Suikastı; İslami Hareket, İBDA-C, Hizbullah gibi örgütler üstlendi. Suikastın arkasında MOSSAD’ın‘ın ve kontrgerillanın olduğu da iddia edilmiştir. Ergenekon Davası sanıklarından Ümit Oğuztan, iddianamede yer alan ifadesinde Mumcu’nun, seri numarası silinmiş ve Kürdistan Demokratik Partisi lideri Celal Talabani‘ye götürülen silahlarla ilgili araştırması nedeniyle öldürüldüğünü iddia etti. Bununla beraber, ağabeyi Ceyhan Mumcu kendi yaptığı araştırmada ölümüne yakın bir süre içerisinde MOSSAD ve Barzani ilişkisi ortaya çıkınca İsrail büyükelçisinin ısrarla kardeşi Mumcu’yla bire bir olarak görüşmek istediği ancak Uğur’un tek görüşmeyi kabul etmemesine rağmen görüşmenin gerçekleştiğini belirtmiştir. Ayrıca suikasta uğramadan önceki süreçte, Uğur Mumcu, Kürt Dosyası adlı kitabını kaleme almaktaydı. Bu kitabında PKK’nın oluşumunu, Kürt ayaklanmalarını, Öcalan’ın aldığı dış desteği ve Barzani-İsrail-Öcalan ilişkisini incelemekteydi. Kitabını bitiremeden ölmüştür.

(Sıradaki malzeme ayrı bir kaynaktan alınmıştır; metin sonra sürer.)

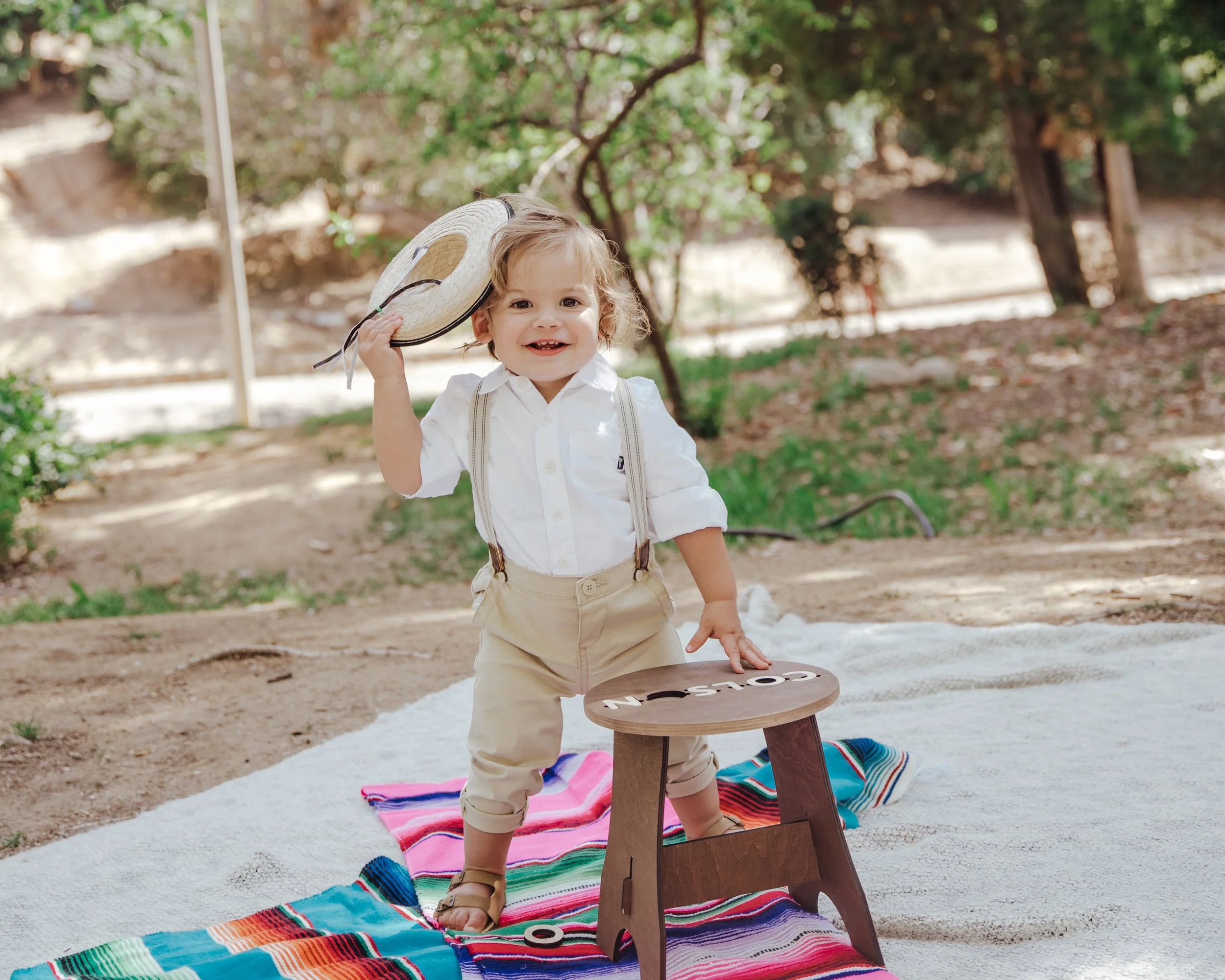 toddler taking his hat off standing by a stool on top of a mexican rug, and white blanket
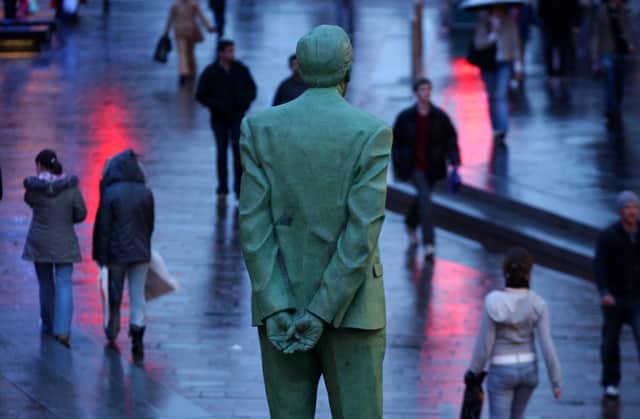 The Statue of Former First Minister Donald Dewar one of the founding fathers of the Devolution of the Scottish Parliament stands ot the top of Buchanan Street Glasgow. Shoppers pay more attention to the sales!
Photo Robert Perry The Scotsman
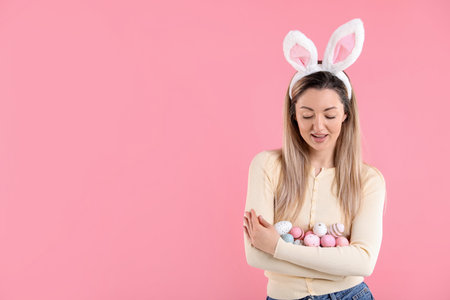 Easter celebration. Smiling woman in headband with bunny ears holding painted eggs on pink...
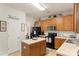 Kitchen with oak cabinetry, black appliances, and island, ideal for culinary enthusiasts at 3015 Hendricks Chapel Ln, Charlotte, NC 28216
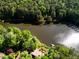 Lakefront home with dock, nestled in nature at 10305 Old Creedmoor Rd, Raleigh, NC 27613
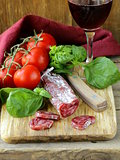Still life of delicacy salami, tomatoes and basil -  rustic style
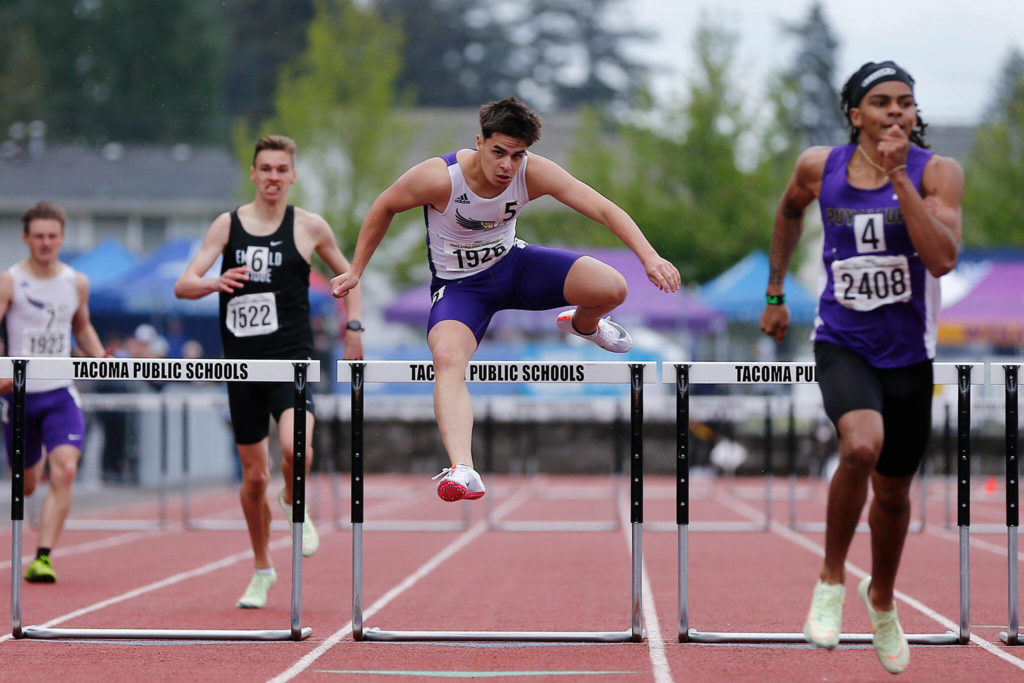 Lake Stevens’ Sean Martelles leaps over the final hurdle in the 4A boys 300 hurdles Saturday, May 28, 2022, at the 2022 WIAA State Track & Field Championships at Mount Tahoma High School in Tacoma, Washington. (Ryan Berry / The Herald)
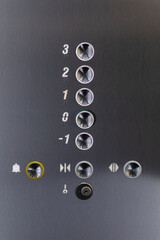 High-quality stock photo of a sleek elevator button panel with numbered buttons and control icons.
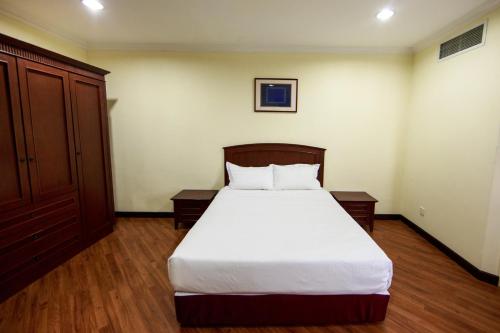 a bedroom with a large bed with white sheets at Beta Service Apartment in Labuan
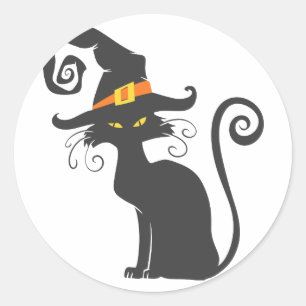Sticker Rond Un mignon chat noir dans un casquette de sorcière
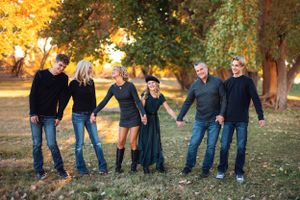 Family holding hands in line among autumn trees in Southern Utah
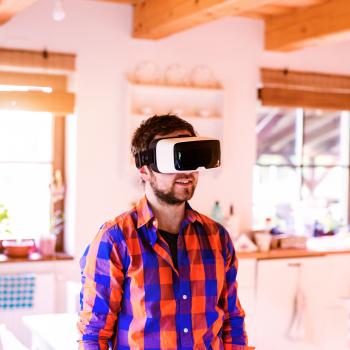 Man standing in living room with virtual reality headset on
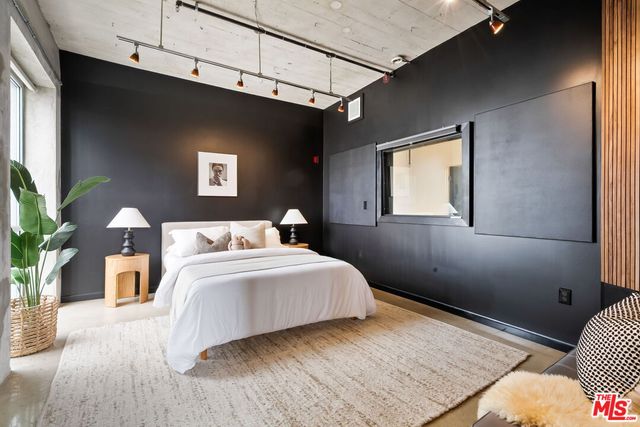 a bedroom with a bed and a couch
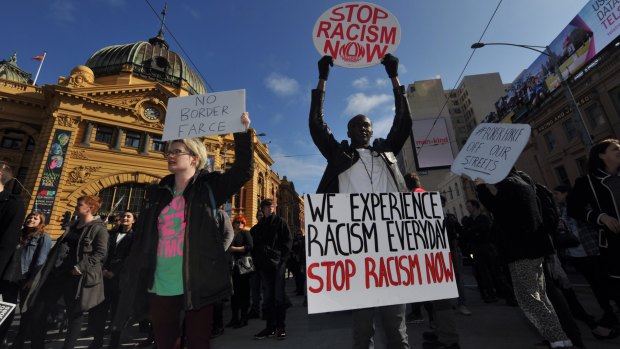 Demonstrators protesting against planned border protection raids stop traffic outside Flinders Street Station on Friday.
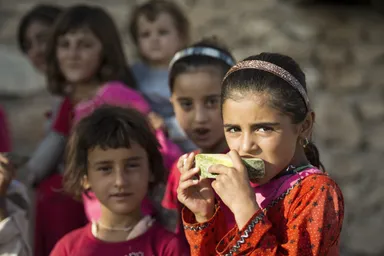 A girl eats a slice of fruit in front of several other children against a stone wall.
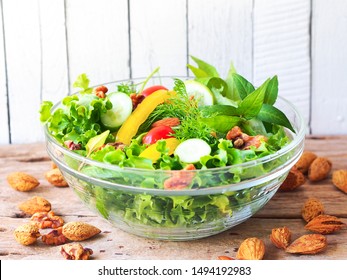 Vegan Salad With Almond Nuts In A Glass Bowl On A Rustic Wooden Table For Vegetarian Food Or Light Meal Concept.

Mumcu’nun eşi Güldal Mumcu‘yu ziyaretleri sırasında dönemin Başbakanı Süleyman Demirel, Başbakan Yardımcısı Erdal İnönü ve İçişleri Bakanı İsmet Sezgin, “Cinayeti çözmenin, devletin namus borcu olduğunu” belirterek adeta namus sözü verdiler (1993). Suikastın failleri yakalanamamıştır.
GENÇLİĞİN GÖZÜNDEN
Yukarıda bahsettiğim her şey internette var olan ve durum tespiti anlamında yazılan yazılardır. Ben bir Türk genci olarak geçmişimizde bu tarz olaylar olmasından utanç duyuyorum. Ülkemizde aydınların öldürülmesinden, baskı yapılmasından, istediğini söyleyememesinden utanç duyuyorum. Eli kalem tutanların, eli silah tutanlardan daha az değer gördüğü bir dönemi yaşadı bu ülke ama görüyoruz ki eli kalem tutanlar nesillerce unutulmazken eli silah tutanlar sadece o dönemin içinde var oldu ve yok oldu. Bu şekilde de olmaya mecburlar, üretmiyorlar. Ülkemizde Necip Hablemitoğlu gibi, Uğur Mumcu gibi aydınların öldürülmüş olması ve faillerinin koskoca Türkiye Cumhuriyeti Devleti tarafından bulunamıyor olması gerçekten büyük şeyler atlatmış olduğumuzun kanıtıdır. Umarım gelecekte bu tarz olaylar hiç yaşanmaz, umarım benim gibi 21 yaşında olan, benim dönemimin gençleri bu ülkede özgürlüğün, tartışma kültürünün temelini atarlar. Umarım benim neslim fikirlerin baskılar ile susturulamayacağını, bunun her zaman daha büyük fikriler ile yıkılacağını bilirler ve her fikre saygı duyarlar. Uğur Mumcu, araştırmacı-gazeteci olarak bu ülkeye büyük hizmetler etmiştir. Atatürk’ün de dediği gibi “Vatanını en çok seven, görevini en iyi yapandır.” Atatürk’ün de dediği gibi Uğur Mumcu büyük bir vatanseverdi ama bu topraklarda hiçbir başarı ve iyilik cezasız kalmaz. Uğur Mumcu’ya yapılan da bu başarılı araştırmacılığının getirdiği en büyük ödüldü belki. Ben tam 28 yıl sonra dahi onu büyük umutlar ile anarak bu yazıyı kaleme alıyorum. İyi ki vardın sayın Uğur Mumcu. UĞURLAR OLSUN.